### TASK TO COMPLETE
Copy out, word for word, the lines from the start of the data below through the line containing "zhou yan jun", and no others.

### RAW DATA
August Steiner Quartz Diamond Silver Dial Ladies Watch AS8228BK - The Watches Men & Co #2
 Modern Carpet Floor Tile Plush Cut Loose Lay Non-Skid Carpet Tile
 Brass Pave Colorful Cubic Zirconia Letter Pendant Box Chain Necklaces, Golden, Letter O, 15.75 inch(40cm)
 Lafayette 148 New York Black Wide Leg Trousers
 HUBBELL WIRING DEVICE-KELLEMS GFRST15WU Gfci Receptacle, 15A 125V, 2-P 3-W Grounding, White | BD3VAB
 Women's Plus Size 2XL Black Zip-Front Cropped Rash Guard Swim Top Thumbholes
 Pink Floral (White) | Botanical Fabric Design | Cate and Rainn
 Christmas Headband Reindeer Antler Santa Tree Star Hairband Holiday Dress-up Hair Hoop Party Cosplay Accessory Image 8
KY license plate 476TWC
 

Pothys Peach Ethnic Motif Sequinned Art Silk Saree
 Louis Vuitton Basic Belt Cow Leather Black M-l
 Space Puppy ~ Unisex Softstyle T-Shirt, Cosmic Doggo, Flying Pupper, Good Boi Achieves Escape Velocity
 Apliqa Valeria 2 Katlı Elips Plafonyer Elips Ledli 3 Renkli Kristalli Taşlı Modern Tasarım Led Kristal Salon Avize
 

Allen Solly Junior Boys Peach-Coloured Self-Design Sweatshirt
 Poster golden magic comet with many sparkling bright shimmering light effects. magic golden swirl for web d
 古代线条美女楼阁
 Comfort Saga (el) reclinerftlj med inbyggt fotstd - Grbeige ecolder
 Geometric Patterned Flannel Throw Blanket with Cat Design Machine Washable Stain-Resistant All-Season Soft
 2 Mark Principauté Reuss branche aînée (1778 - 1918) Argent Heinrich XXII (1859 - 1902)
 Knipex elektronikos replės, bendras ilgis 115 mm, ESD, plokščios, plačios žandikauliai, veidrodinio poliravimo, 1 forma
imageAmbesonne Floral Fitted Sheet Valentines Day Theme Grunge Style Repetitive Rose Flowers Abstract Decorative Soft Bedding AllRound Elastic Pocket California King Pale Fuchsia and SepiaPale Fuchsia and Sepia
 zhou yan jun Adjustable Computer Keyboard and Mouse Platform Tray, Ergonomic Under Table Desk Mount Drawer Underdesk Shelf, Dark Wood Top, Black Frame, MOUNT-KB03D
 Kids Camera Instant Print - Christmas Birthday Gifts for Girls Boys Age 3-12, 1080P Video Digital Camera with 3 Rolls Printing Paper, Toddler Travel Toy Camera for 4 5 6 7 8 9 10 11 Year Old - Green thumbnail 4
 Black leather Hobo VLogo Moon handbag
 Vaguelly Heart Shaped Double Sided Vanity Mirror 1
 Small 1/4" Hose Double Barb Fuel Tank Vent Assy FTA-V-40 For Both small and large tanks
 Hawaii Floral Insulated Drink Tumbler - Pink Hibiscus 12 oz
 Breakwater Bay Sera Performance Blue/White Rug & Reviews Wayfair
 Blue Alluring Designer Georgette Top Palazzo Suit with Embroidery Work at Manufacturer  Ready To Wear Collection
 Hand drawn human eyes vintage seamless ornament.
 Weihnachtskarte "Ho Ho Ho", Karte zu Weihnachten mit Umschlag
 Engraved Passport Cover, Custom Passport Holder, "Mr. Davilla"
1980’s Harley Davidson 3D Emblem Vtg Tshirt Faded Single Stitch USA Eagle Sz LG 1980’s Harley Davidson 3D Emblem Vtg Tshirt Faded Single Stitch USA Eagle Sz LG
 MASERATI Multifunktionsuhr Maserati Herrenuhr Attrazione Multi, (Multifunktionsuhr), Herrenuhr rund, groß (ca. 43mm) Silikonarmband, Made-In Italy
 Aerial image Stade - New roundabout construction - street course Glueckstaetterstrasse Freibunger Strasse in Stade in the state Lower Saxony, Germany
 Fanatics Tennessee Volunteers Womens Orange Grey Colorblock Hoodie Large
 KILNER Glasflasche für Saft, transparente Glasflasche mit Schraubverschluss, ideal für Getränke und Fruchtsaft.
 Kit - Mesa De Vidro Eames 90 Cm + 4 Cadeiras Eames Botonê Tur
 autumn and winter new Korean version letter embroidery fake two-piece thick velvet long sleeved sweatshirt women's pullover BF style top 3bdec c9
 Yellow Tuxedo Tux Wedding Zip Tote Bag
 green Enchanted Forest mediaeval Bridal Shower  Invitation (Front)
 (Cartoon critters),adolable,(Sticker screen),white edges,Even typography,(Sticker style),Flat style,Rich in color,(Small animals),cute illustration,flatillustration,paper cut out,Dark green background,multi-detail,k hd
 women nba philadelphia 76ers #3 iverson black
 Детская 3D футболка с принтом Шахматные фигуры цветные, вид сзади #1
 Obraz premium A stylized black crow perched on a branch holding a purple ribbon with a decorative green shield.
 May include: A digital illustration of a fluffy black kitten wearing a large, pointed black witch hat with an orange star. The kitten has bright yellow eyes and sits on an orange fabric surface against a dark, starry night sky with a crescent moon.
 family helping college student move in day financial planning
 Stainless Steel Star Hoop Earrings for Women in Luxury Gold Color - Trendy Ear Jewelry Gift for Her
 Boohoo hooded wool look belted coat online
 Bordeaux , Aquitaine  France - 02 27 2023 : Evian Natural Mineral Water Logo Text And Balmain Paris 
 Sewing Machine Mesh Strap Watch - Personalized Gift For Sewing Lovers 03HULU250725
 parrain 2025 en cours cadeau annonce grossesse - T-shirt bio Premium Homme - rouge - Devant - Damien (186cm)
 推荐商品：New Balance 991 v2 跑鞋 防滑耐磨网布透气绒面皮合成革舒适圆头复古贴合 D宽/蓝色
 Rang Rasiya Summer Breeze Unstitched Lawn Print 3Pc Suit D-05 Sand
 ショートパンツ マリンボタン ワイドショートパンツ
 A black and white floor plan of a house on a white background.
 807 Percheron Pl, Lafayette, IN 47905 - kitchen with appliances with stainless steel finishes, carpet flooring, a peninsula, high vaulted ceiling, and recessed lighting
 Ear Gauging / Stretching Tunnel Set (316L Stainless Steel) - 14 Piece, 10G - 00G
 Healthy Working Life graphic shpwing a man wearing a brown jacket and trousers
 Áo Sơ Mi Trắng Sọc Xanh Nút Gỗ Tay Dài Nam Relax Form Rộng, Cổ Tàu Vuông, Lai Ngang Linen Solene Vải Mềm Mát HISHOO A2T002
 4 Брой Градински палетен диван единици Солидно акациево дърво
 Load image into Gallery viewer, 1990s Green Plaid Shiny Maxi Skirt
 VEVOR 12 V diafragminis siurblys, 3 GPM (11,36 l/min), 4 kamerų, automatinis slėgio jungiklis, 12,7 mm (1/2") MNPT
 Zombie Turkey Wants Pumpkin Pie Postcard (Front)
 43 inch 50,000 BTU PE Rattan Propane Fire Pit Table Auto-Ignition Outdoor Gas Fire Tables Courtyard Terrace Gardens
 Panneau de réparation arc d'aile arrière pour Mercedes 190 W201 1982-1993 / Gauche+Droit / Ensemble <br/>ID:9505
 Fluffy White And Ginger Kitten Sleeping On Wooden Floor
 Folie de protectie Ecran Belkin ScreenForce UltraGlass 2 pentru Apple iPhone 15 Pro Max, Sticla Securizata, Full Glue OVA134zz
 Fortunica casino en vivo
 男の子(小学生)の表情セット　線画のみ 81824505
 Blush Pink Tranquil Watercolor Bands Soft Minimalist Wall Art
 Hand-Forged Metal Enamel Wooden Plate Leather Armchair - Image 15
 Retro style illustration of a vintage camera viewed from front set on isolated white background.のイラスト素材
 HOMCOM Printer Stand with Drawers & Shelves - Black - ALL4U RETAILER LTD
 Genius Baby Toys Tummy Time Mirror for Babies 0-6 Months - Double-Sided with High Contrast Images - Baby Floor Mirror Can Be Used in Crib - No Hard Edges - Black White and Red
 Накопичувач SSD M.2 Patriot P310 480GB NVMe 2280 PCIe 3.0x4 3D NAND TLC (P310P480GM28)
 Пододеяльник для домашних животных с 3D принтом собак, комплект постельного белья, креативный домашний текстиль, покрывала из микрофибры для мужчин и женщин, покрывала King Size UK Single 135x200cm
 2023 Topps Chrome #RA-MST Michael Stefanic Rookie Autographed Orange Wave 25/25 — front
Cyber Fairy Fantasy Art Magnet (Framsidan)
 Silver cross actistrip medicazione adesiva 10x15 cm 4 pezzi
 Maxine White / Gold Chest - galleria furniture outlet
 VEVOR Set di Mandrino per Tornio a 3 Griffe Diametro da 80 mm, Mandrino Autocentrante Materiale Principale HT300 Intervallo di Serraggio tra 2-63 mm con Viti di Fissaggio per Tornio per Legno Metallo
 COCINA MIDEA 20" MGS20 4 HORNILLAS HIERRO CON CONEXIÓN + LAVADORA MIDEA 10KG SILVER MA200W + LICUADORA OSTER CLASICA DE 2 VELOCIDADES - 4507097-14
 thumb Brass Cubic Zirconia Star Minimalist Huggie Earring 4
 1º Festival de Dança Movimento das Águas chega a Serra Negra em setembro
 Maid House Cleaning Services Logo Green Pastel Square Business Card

### REPLY TO THE EXERCISE
August Steiner Quartz Diamond Silver Dial Ladies Watch AS8228BK - The Watches Men & Co #2
 Modern Carpet Floor Tile Plush Cut Loose Lay Non-Skid Carpet Tile
 Brass Pave Colorful Cubic Zirconia Letter Pendant Box Chain Necklaces, Golden, Letter O, 15.75 inch(40cm)
 Lafayette 148 New York Black Wide Leg Trousers
 HUBBELL WIRING DEVICE-KELLEMS GFRST15WU Gfci Receptacle, 15A 125V, 2-P 3-W Grounding, White | BD3VAB
 Women's Plus Size 2XL Black Zip-Front Cropped Rash Guard Swim Top Thumbholes
 Pink Floral (White) | Botanical Fabric Design | Cate and Rainn
 Christmas Headband Reindeer Antler Santa Tree Star Hairband Holiday Dress-up Hair Hoop Party Cosplay Accessory Image 8
KY license plate 476TWC
 

Pothys Peach Ethnic Motif Sequinned Art Silk Saree
 Louis Vuitton Basic Belt Cow Leather Black M-l
 Space Puppy ~ Unisex Softstyle T-Shirt, Cosmic Doggo, Flying Pupper, Good Boi Achieves Escape Velocity
 Apliqa Valeria 2 Katlı Elips Plafonyer Elips Ledli 3 Renkli Kristalli Taşlı Modern Tasarım Led Kristal Salon Avize
 

Allen Solly Junior Boys Peach-Coloured Self-Design Sweatshirt
 Poster golden magic comet with many sparkling bright shimmering light effects. magic golden swirl for web d
 古代线条美女楼阁
 Comfort Saga (el) reclinerftlj med inbyggt fotstd - Grbeige ecolder
 Geometric Patterned Flannel Throw Blanket with Cat Design Machine Washable Stain-Resistant All-Season Soft
 2 Mark Principauté Reuss branche aînée (1778 - 1918) Argent Heinrich XXII (1859 - 1902)
 Knipex elektronikos replės, bendras ilgis 115 mm, ESD, plokščios, plačios žandikauliai, veidrodinio poliravimo, 1 forma
imageAmbesonne Floral Fitted Sheet Valentines Day Theme Grunge Style Repetitive Rose Flowers Abstract Decorative Soft Bedding AllRound Elastic Pocket California King Pale Fuchsia and SepiaPale Fuchsia and Sepia
 zhou yan jun Adjustable Computer Keyboard and Mouse Platform Tray, Ergonomic Under Table Desk Mount Drawer Underdesk Shelf, Dark Wood Top, Black Frame, MOUNT-KB03D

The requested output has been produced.